Если взять карту России, изданную в 1572 году Антонием Дженкинсоном, то можно увидеть неточную, невнятную съемку России, похожую на запись по памяти. Антоний Дженкинсон срастил верховья рек, текущих в сторону Каспийского, Балтийского и Белого морей. Реки текут у него из одного места в разные стороны.
Герберштейн, побывавший в Москве в 1656 году и говоривший по-русски, сделал все точнее. У него верховья рек подведены к Москве.

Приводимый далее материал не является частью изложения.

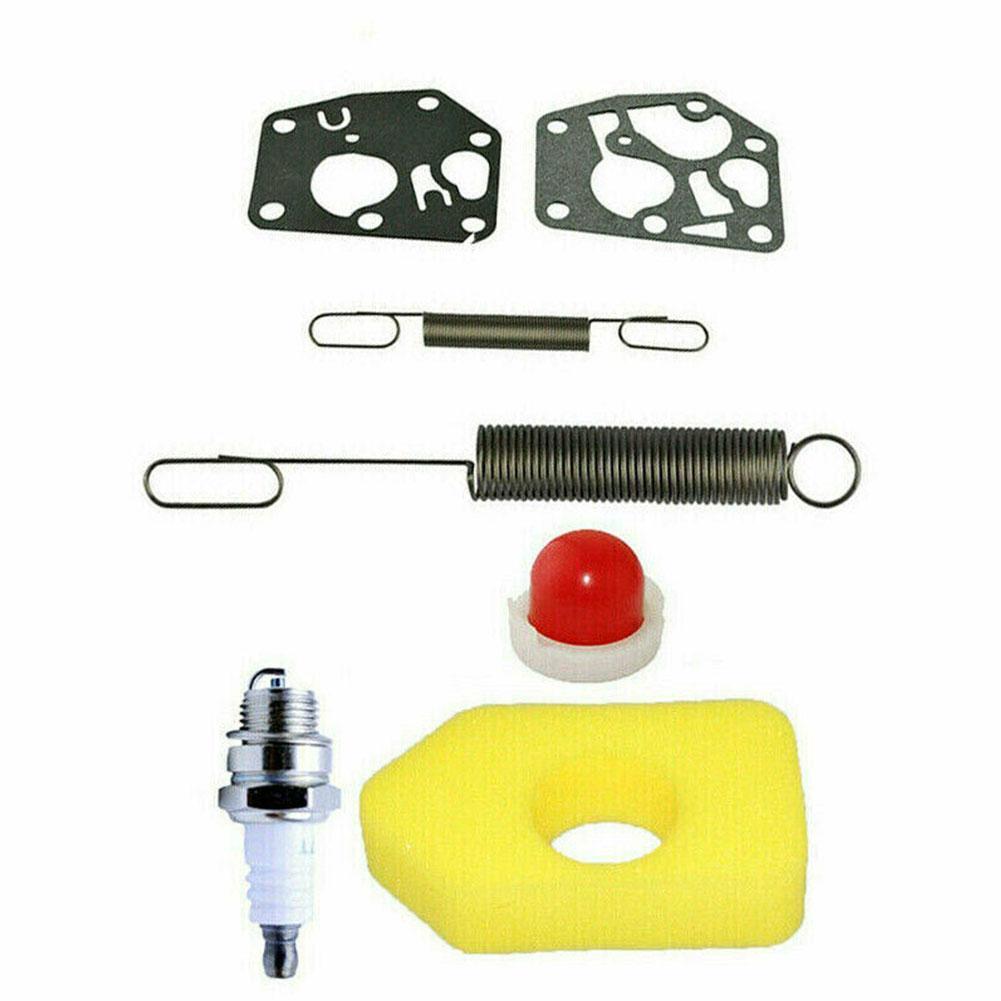 Lawn Mower Service Set Suitable For Briggs&Stratton and Sprint Engines New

Москва в самом деле стоит на сращении рек, в водоразделах, которые были соединены волоками – местами, по которым перетаскивали тогда ладьи. Сохранились названия городов: Вышний Волочок, Волоколамск.
Жили в тех местах кривичи и вятичи. У вятичей тотемом были бобер и утка – речная птица и речной зверь. Недаром в картине «Иван Грозный» Ефросинья Старицкая поет песню о бобре над трупом сына.
Весной по Москве-реке со льдом приходила большая вода. Окна домов на первом этаже внизу закладывали кирпичом. Я помню, как вода подошла к Третьей кинофабрике, стоящей недалеко от Киевского вокзала. Река с берегами была потоплена разливом.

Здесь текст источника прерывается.